→ **ACTIVITY**
Retype the whole listing below exactly, keeping every picture out of it.

→ **SUPPLIED INFORMATION**

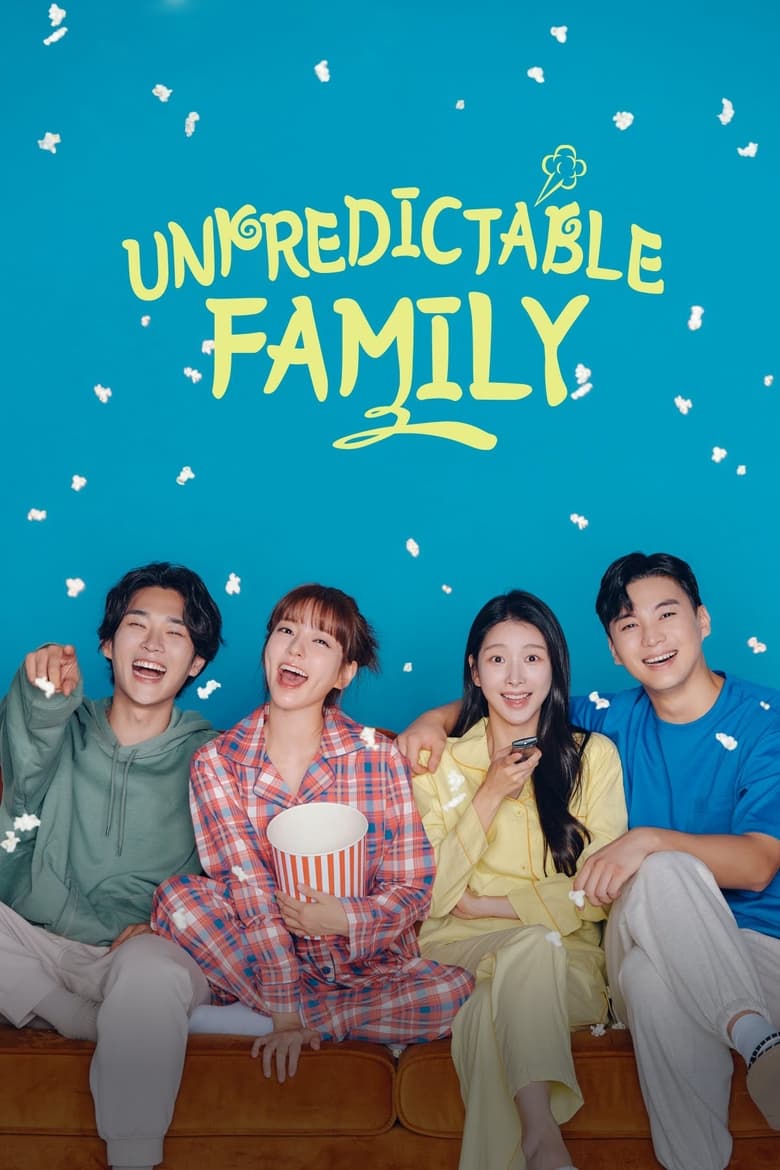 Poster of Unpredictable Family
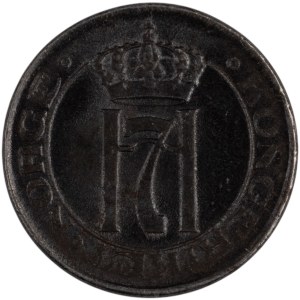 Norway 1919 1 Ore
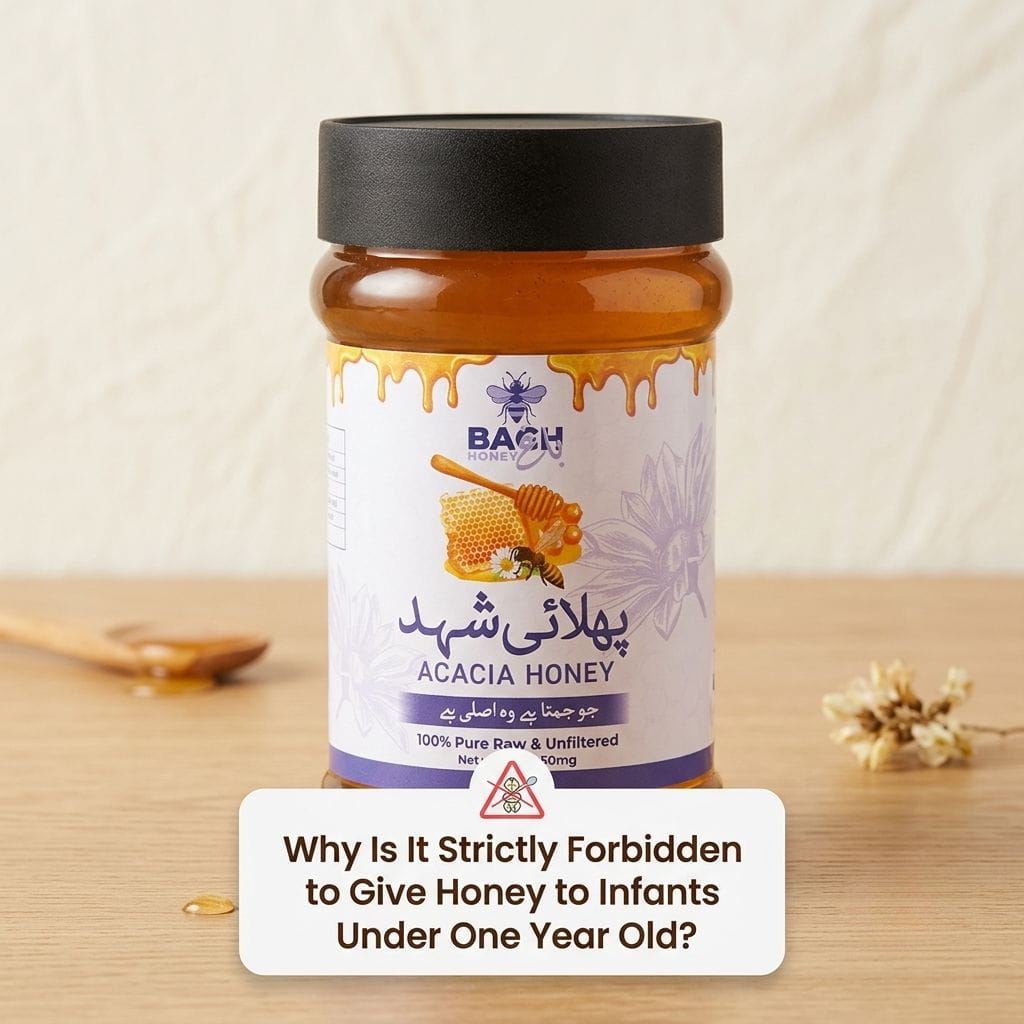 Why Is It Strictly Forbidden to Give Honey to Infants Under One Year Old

→ **EXPECTED ANSWER**
 Poster of Unpredictable Family
 Norway 1919 1 Ore
 Why Is It Strictly Forbidden to Give Honey to Infants Under One Year Old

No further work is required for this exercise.